Ruth Maxon Adams | |
Birth Date: | 1883 |
Birth Place: | Beloit, Wisconsin |
Death Date: | March 18, 1970 (aged 86) |
Death Place: | Cornwall, Connecticut |
Nationality: | American |
Occupation: | Architect |
Ruth Maxon Adams (1883–1970) was an American architect.
Adams grew up in New Haven, Connecticut, the only child of Yale professor George Burton Adams. As a child, she visited England with her father, where she was first exposed to William Morris and the Arts and Crafts movement. She graduated from Vassar College in 1904, with no intention of practicing architecture.[1]
Six years later, she enrolled in the New York School of Applied Design for Women to study interior design. Adams received commissions from Vassar to remodel several campus buildings in 1914. The following year she decided to open her own interior design firm in New York City. During that first year, she received a commission to design a house for two Vassar professors, Edith Fahnestock and Rose Peebles. Adams would go on to design at least six Vassar residences over the course of forty years. Their architectural styles varied, including medieval, Tudor, and neoclassical architecture. She also served as a design consultant for Vassar until 1942. In this position she compiled annual inventories of all of the buildings owned by the college.[1]

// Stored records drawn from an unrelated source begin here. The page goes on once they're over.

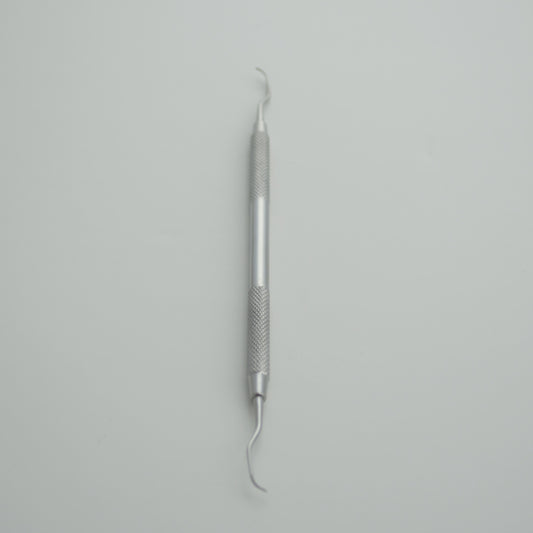 Curette 11/12, Gracey AF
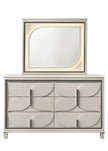 B6800 Hayma Bedroom Set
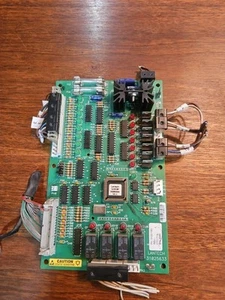 LANTECH 31021183 / 31021183 - Picture 1 of 8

In 1921, Adams became the architect for Yelping Hill in West Cornwall, Connecticut.[2] Yelping Hill is a private community started by Henry Seidel Canby, Lee Wilson Dodd, Beverly Waugh Kunkel, Henry Noble MacCracken, David Stanley Smith, and Mason Trowbridge with their wives and children, and served as a summer community in the spirit of the Quaker camps in the Poconos. Adams designed all the residences, co-planned the community, and served as a construction foreman. The houses had no kitchens, as all dining took place in a communal dining room. Childcare was also a community task. These concepts and executions by Adams are considered by architecture historians to be an expression of Adams' feminist ideals. Despite focusing on architecture, Adams described herself as a "designer," rather than an architect.[1]
Adams' achievements are located in the collection of the Vassar College archives. The records pertaining to her work with Yelping Hill are held by the Yelping Hill Association Archives.[1]